Dees Moothee was born in 1961, a Soweto student in 1976 at a time of violent uprising, a member of a group called XStop, which fought to bring blacks into the core of Johannesburg. He was imprisoned sporadically for his activism.

“Two months here, three months there, nothing big. You’re in, then you’re out, you know how it goes,” he says.

He sees a much more hopeful South Africa now, one he feels should be perpetually governed by the ANC because that is the only way his son’s generation and the generation after that will make progress.

The large crowd heard from U.S. President Obama, Brazilian President Dilma Rousseff, Chinese Vice-President Li Yuanchao, Namibian President Hifikepunye Pohamba, Indian President Pranab Mukherjee and Cuban President Raul Castro.

United Nations Secretary General Ban Ki-moon was given a rapturous ovation, Zuma was abused by the crowd all day long and Winnie Mandela, shown on the scoreboard, drew fevered cheers.

Prime Minister Harper led a delegation that included former prime ministers Jean Chrétien, Brian Mulroney and Kim Campbell, but Harper was not invited to speak: those at the podium had been chosen to represent regions.

In all, there were 91 heads of government or state in attendance, along with the likes of Bono, Oprah and South African star Charlize Theron, who still goes by two names.

One image that will last from this event — a quick handshake between Obama and Castro.

Obama electrified the crowd when he told them Mandela “woke me up to my responsibilities — to others, and to myself — and set me on an improbable journey that finds me here today.”

But he also said there are leaders today who publicly embrace Mandela’s message of freedom but brook no dissent at home.

Fact was, with the exception of Obama, many celebrants largely ignored the leaders and snake-danced through damp corridors.

Hours before the first words ushered in the program, 45 minutes late, they sang and swayed, danced and pumped their fists in the air in unison, shouting “Vive Mandela.”

It was a day for the locals to smile and offer a sincere, “thanks for coming,” when you stop to chat, as if you had taken time to honour an elderly relative, and that’s how it often felt at the stadium on Tuesday.

In the concourse, I encountered Tebogo Ditsele, a member of the ANC youth wing.
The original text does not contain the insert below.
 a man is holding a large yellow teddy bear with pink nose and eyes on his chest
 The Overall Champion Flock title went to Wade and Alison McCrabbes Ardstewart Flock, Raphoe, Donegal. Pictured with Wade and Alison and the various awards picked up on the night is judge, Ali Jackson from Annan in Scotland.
More accurately, he encountered me.

He draped a Mandela flag around my shoulder and asked that our picture be taken together.

“This is the new South Africa, white and black together,” he told me as we embraced.

When proffered the print by one of the gang of photographers who inhabit this stadium on game day or memorial day, he said, “I will have this framed.”

It seems cheesy to even write that.

Except, of course, it happened on a rainy, chilly day when a man who made things like that happen was being remembered.